- Assignment: Taking only the lines of the data below from the line with "2 bedroom Town" to the line with "2011 Volkswagen Polo 1.6L 105HP L4 5MT", ends included, write them out exactly and without pictures.
##### The data
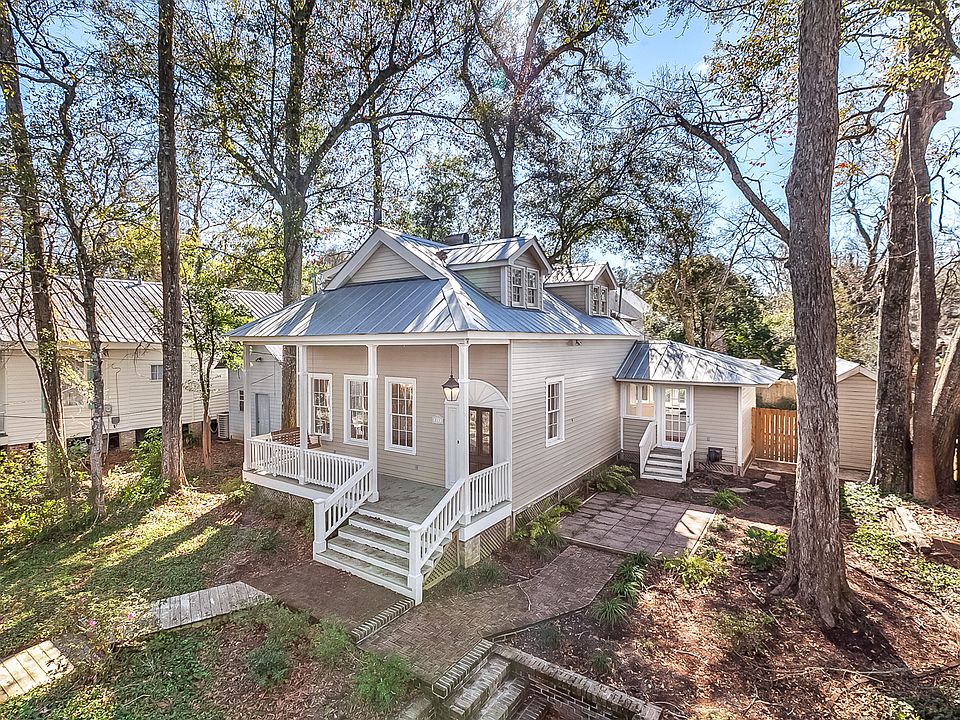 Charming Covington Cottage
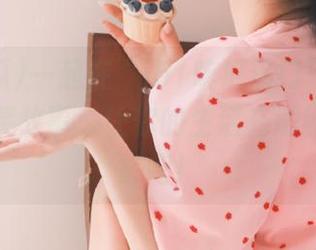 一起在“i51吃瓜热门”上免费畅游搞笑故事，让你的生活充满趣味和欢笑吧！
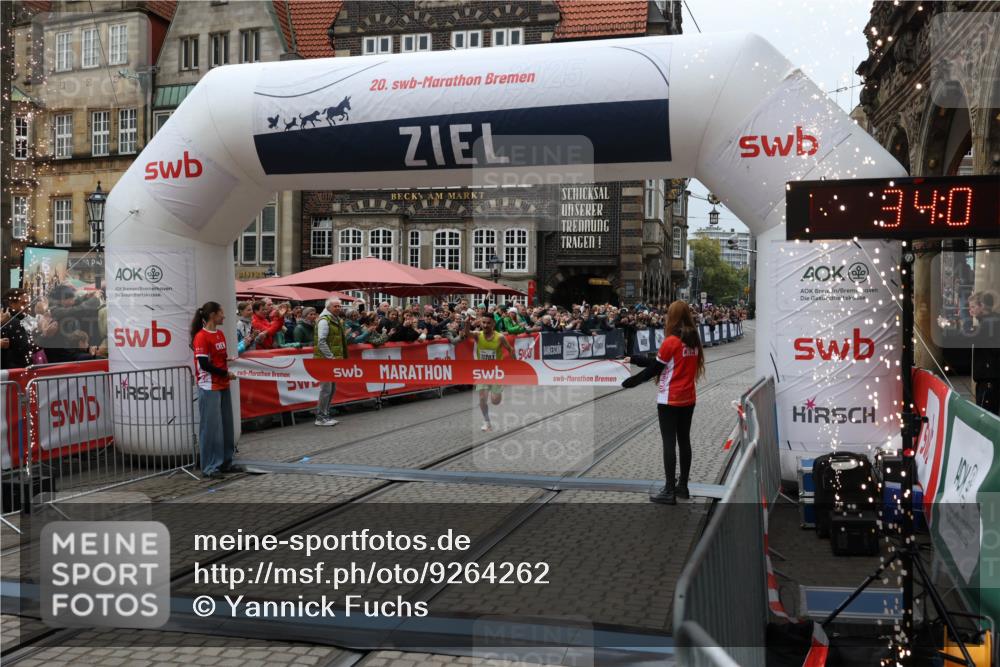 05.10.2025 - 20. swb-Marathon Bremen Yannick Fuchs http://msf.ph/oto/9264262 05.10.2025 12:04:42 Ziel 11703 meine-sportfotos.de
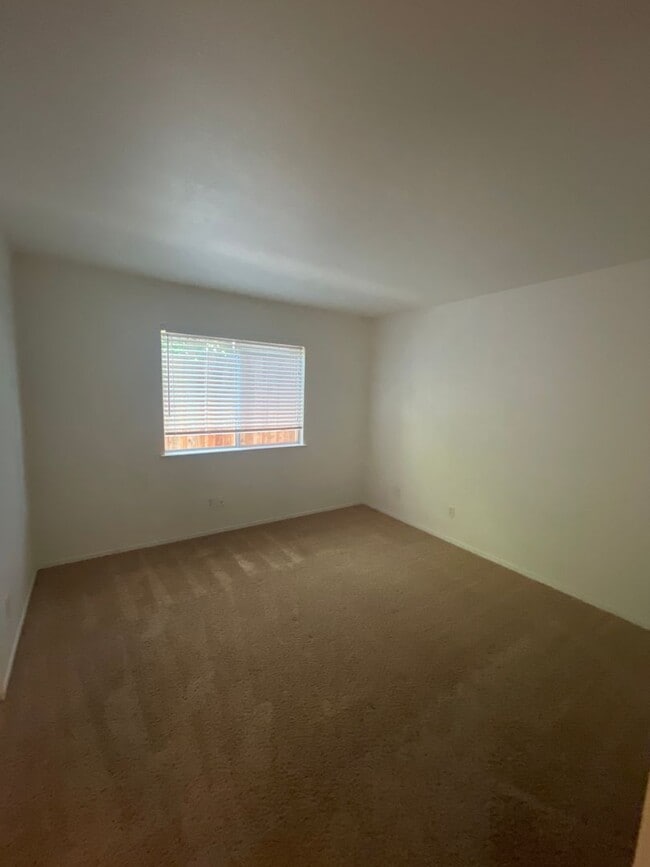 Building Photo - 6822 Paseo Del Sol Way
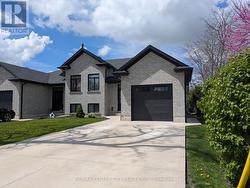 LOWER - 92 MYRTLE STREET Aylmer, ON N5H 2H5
##########
##### The data
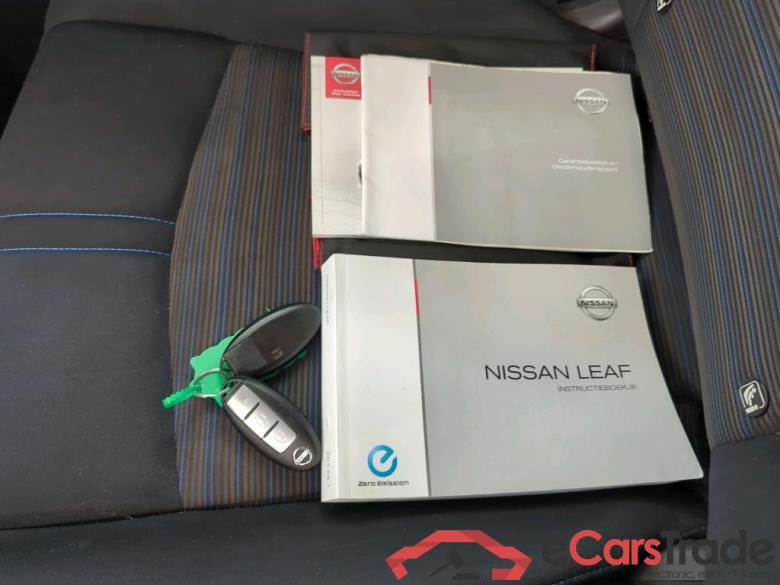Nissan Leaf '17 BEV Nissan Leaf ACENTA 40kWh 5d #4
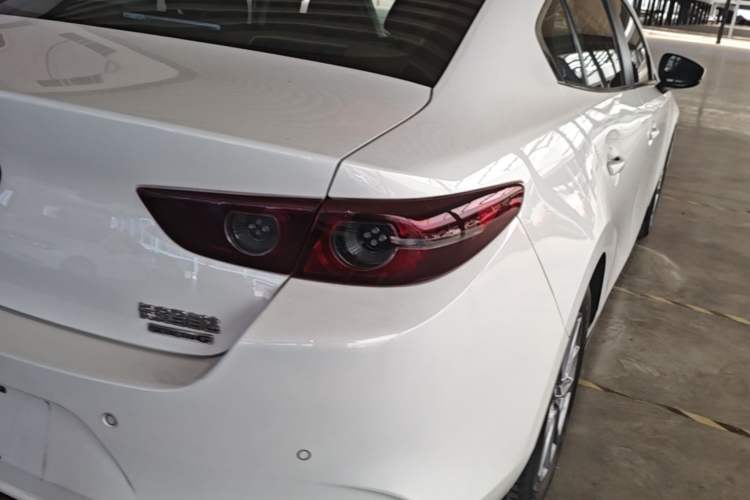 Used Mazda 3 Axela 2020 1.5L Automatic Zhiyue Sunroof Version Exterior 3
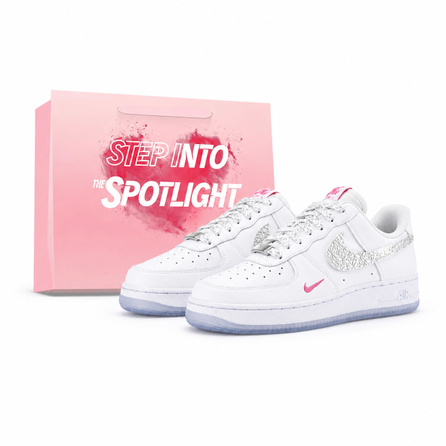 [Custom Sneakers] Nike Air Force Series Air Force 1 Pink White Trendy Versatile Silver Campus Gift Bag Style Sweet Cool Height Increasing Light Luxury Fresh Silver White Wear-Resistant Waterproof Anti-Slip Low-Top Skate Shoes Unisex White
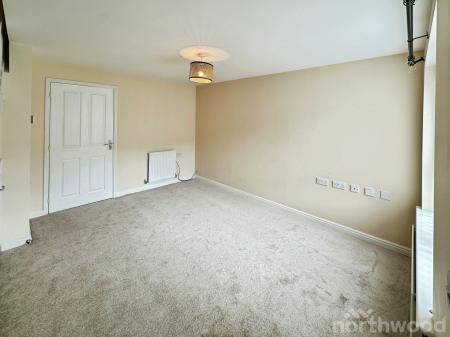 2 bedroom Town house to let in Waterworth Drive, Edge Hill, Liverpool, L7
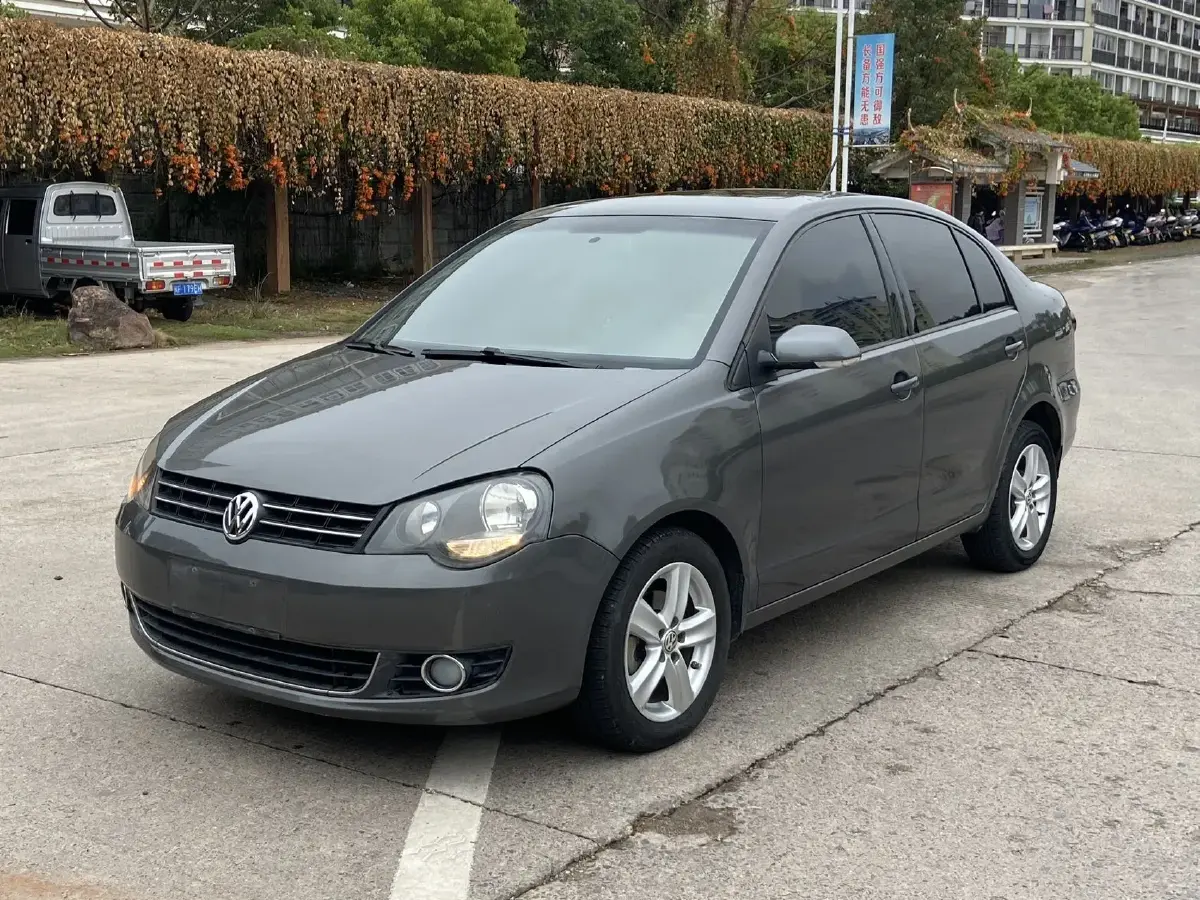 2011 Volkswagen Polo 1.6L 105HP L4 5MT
##########
- Expected answer:
 2 bedroom Town house to let in Waterworth Drive, Edge Hill, Liverpool, L7
 2011 Volkswagen Polo 1.6L 105HP L4 5MT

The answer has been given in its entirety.